What? "I have been told that some of my photographs maybe indicate that I am a painter," Leiter said in an interview with The New Yorker’s Vince Aletti. And indeed, it is this painterly approach to photography that so sets the image-maker apart. At a time when others were sticking rigidly to the traditional confines of the medium, Leiter began experimenting with composition, form and colour in a completely unique manner. From the mid-1940s onwards, he secured frequent work for fashion magazines such as Harper's Bazaar and Elle – his distinctive style, alongside his propensity for wit and elegance, lending itself brilliantly to the world of fashion – but it is through his street photography that Leiter found real freedom of expression.

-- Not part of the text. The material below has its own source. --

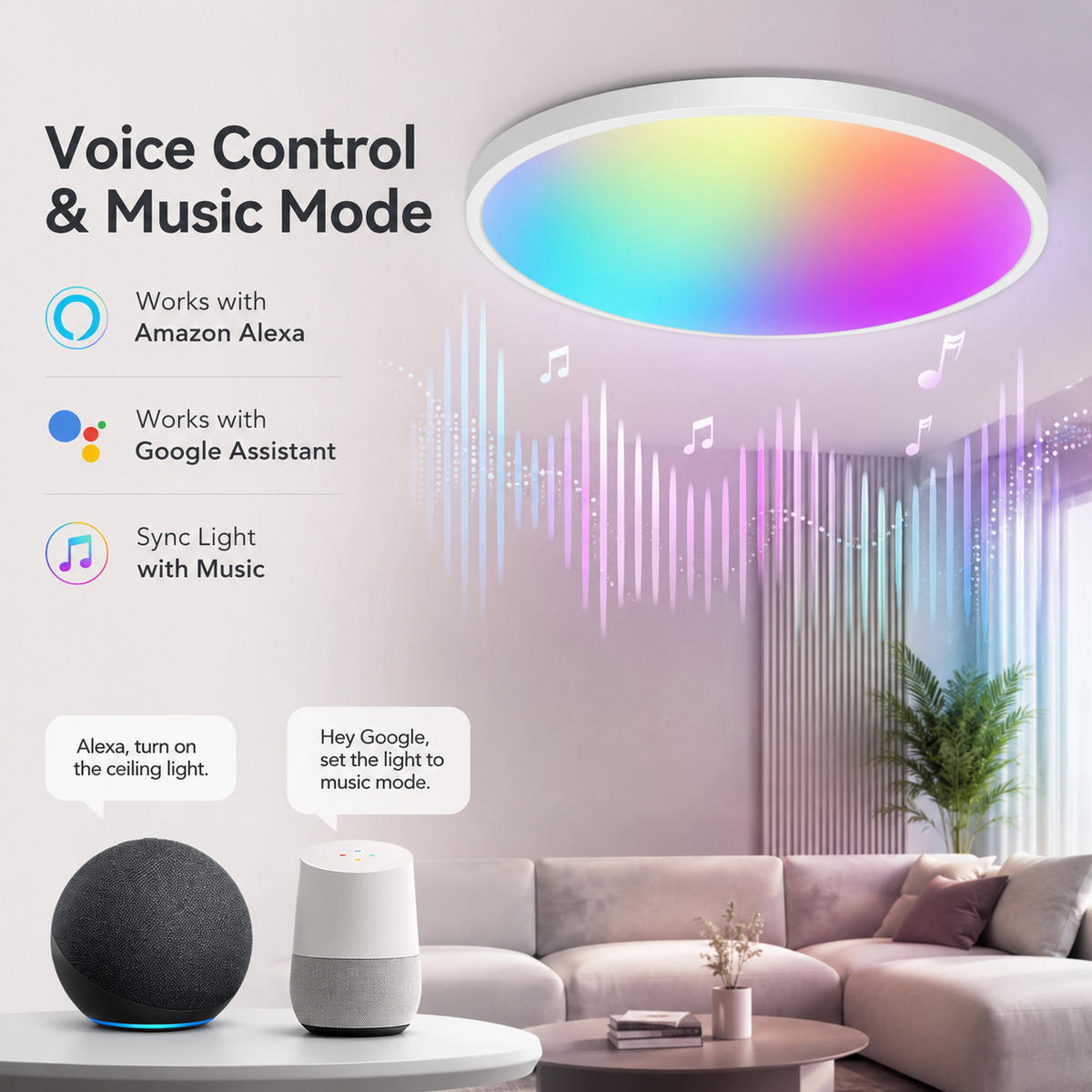 DECKENLEUCHTE CE1614 Ultradünn WiFi APP CCT RGB LED - Weiß, Kunststoff (30.5/30.5/3cm) - LOVHAUS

Captured through a misted pane of glass, and silhouetted against the zesty yellow of a nearby truck, a man gazes intently at his hands. A pair of grey-suited postmen trudge through the snow, engulfed by a sea of snowflakes and a plethora of brightly coloured advertising billboards. A shadowy figure, shielded by their pillar-box-red umbrella, is glanced from the dry interior of a car, framed by its angular window. It is complex compositions such as these – where the viewer has to work to establish exactly what it is they are looking at, and from where – that have come to define Leiter's work. "A window covered with raindrops interests me more than a photograph of a famous person," the photographer proclaimed in the 2012 documentary In No Great Hurry.
Why? Leiter's fondness for poetic abstraction was incredibly forward-looking, as was his trailblazing use of colour (note that he was using Kodachrome colour slide film 20 years before later pioneers Eggleston and Shore), and was widely overlooked, and indeed scorned, by critics at the time. It is unsurprising then that it has taken some 50 years for the world to catch up and finally recognise Leiter for the genius that he was. But as the photographer once noted, it was the lack of attention he was given at the time that enabled him to follow his instincts unhindered: "I spent a great deal of my life being ignored. I was always very happy that way. Being ignored is a great privilege. That is how I think I learned to see what others do not see and to react to situations differently. I simply looked at the world, not really prepared for anything."
Saul Leiter: Retrospective is at the Photographers' Gallery from January 22 until April 3.